DENVER — The Cherry Creek School District is still reeling from the suicide of a 10-year-old girl. Bullying led to the girl’s death, according to her parents.
Cyberbullying is reaching epidemic proportions and action is needed before more children take their lives, according to experts.
In Colorado, there is nothing statewide that directly requires courses on bullying prevention even as suicide rates continue to climb.
“Instead of it leveling off or lessening — it still seems to be growing,” Republican State Sen. Kevin Priola said.
Priola is responsible for legislation that awards grant money to school districts to create bullying prevention programs.
Part of the comprehensive education is aimed at teaching kids to speak up when someone is being bullied.
Just more than a dozen school districts in the state receive the grant money, including the Cherry Creek School District.
“All school districts are required to have a safe school plan,” said Adam Collins with the Colorado Department of Education. “Within that safe school plan has to be a policy on bullying prevention and education.”
But the safe school requirements do not establish mandatory curriculum.
“We need to really do an in-depth analysis in reference to — are the programs we currently have in place working,” Democratic State Sen.
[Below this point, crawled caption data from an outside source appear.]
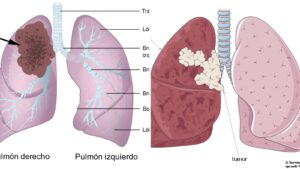 Rakovina plic roky roste bez příznaků! Tři věci, které vám mohou zachránit život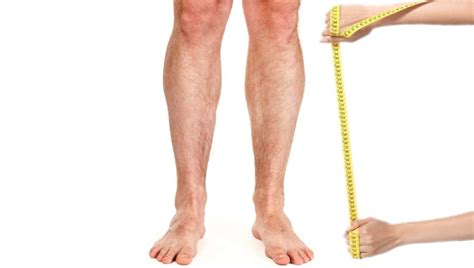 Leg Lengthening Surgery Mostly Attractsyou Guessed It Short Men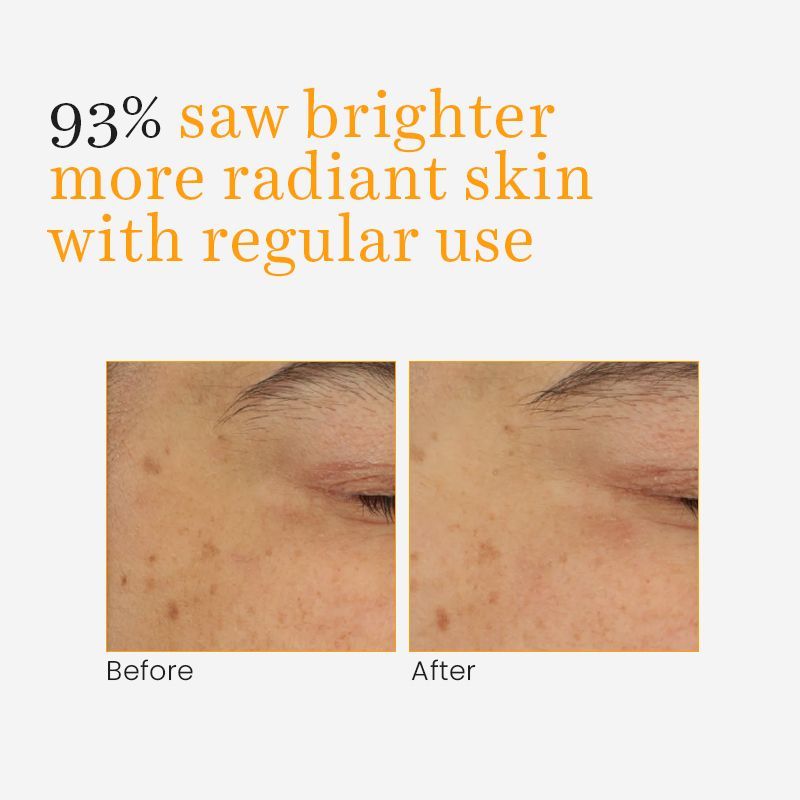 O3+ Vitamin C & Turmeric Glow Gel Cream Turmeric + Rosemary - 50gm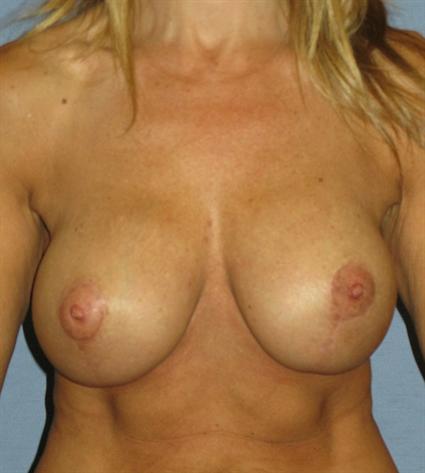 Breast Lift Before & After Patient #1350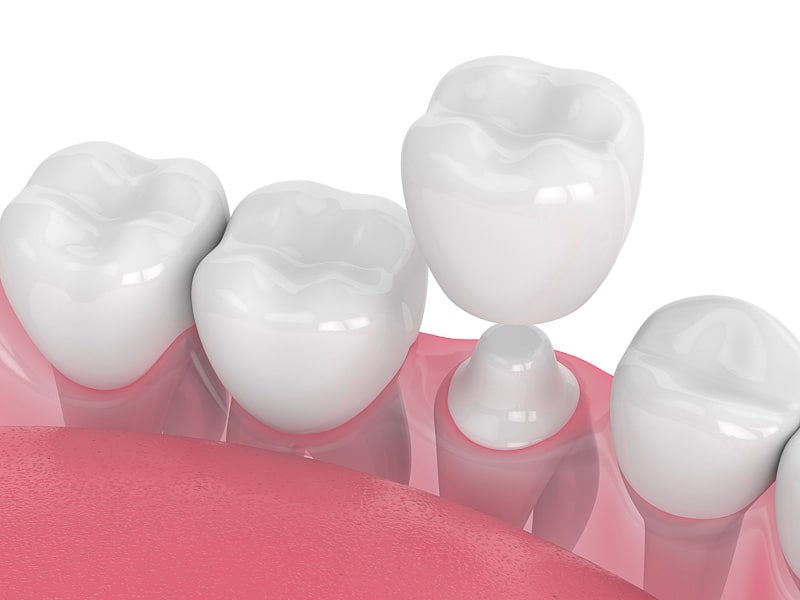 Dental Crowns-Brewer Family Dental, Orange, TX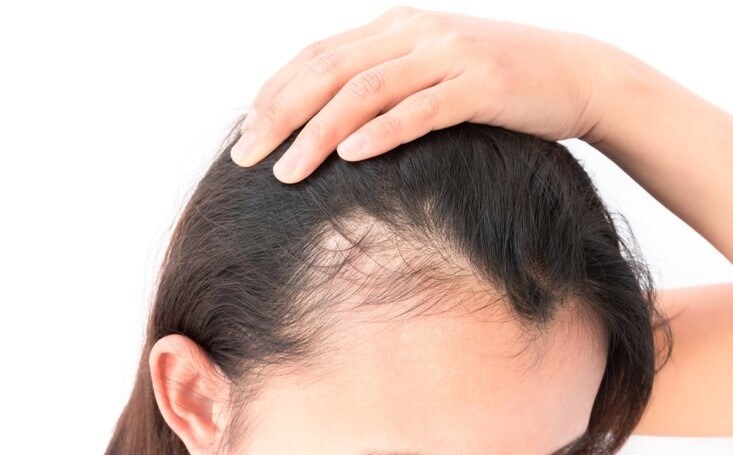 menopause-hair-loss-medication menopause-hair-loss-medication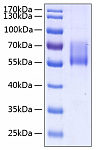 Recombinant Human MUC-1/CD227 Protein (RP00129)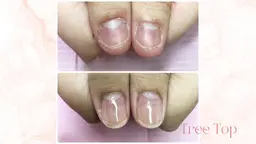 深爪矯正メニュー(ジェル)クリア仕上げ！！+1100円でカラー追加可能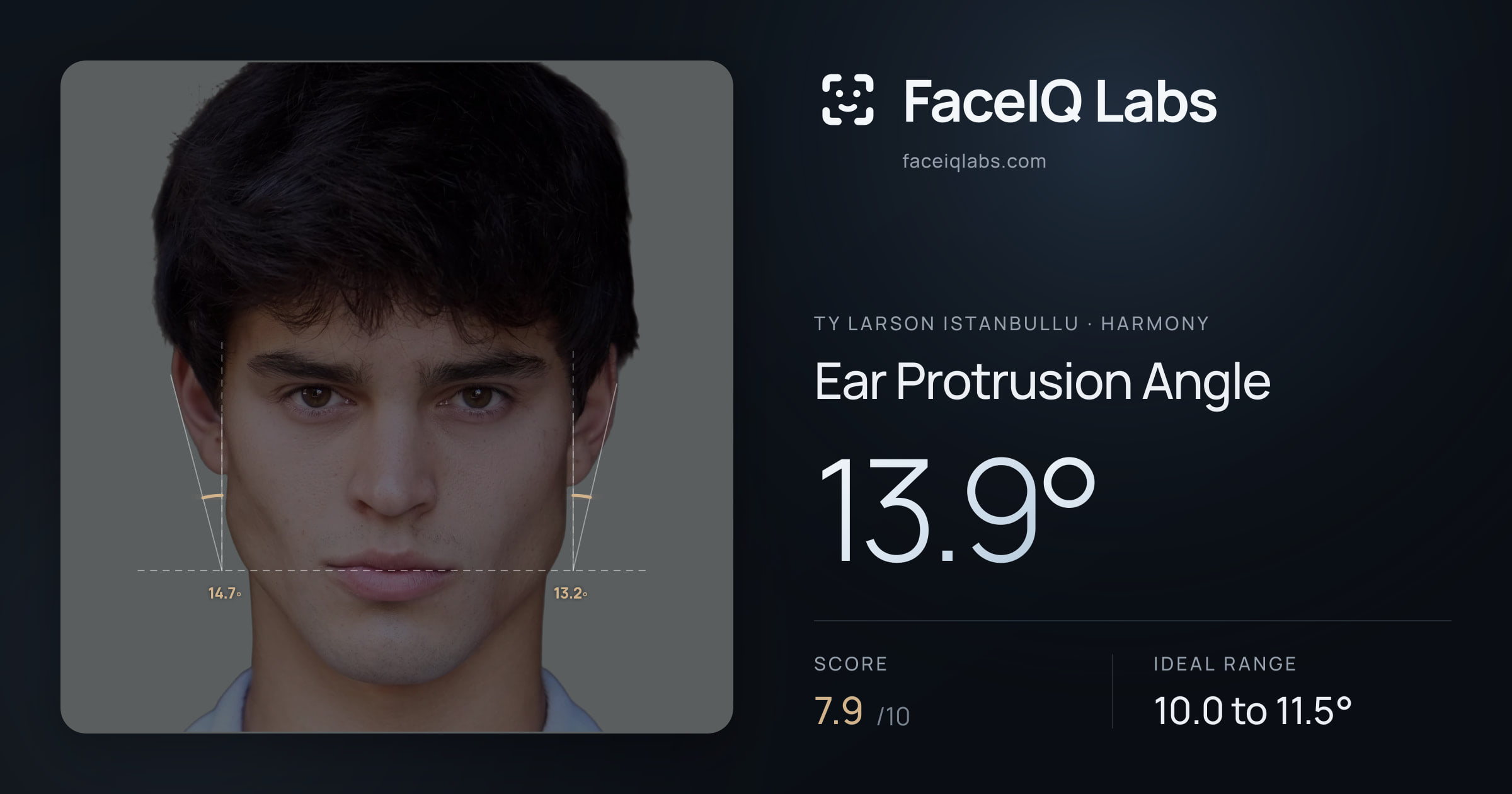 Ty Larson Istanbullu Ear Protrusion Angle: 13.9°, drawn on the photo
Rhonda Fields said.
That analysis could result in a bullying prevention class within statewide curriculum every student would be required to take.
“I’m sure those discussions will happen among my colleagues and myself as the session starts in about a month and a half,” Priola said.
School districts are required to report bullying and other issues to the state, but there’s no way to know if most of the cases are being reported.
State officials said more than half of all eight-grade students in Colorado have reported bullying at least once in their academic careers.